Suppose that $\mathrm{P}$ is invested in a savings account in which interest, $\mathrm{k}$, is compounded continuously at $5 \%$ per year. The balance $P(t)$ after time $t$, in years, is $P(t)=P e^{k t}$.
a) What is the exponential growth function in terms of $P$ and 0.05 ?
\[
P(t)=P e^{0.05 t}
\]
b) If $\$ 6,000$ is invested what is the balance after 2 years?
(Round to the nearest cent.)

Step 1 ：Suppose that \(P\) is invested in a savings account in which interest, \(k\), is compounded continuously at 5% per year. The balance \(P(t)\) after time \(t\), in years, is given by the formula \(P(t)=P e^{k t}\).

Step 2 ：The exponential growth function in terms of \(P\) and 0.05 is \(P(t)=P e^{0.05 t}\).

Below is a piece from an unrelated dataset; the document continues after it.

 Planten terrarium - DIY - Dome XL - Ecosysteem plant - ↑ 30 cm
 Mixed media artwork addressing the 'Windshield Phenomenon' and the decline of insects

Step 3 ：If $6000 is invested, we can find the balance after 2 years by substituting \(P=6000\), \(t=2\), and \(k=0.05\) into the equation.

Step 4 ：Calculating \(P(t)=6000 e^{0.05 \times 2}\) gives a balance of approximately 6631.03.

Step 5 ：\(\boxed{6631.03}\) is the balance after 2 years when $6000 is invested.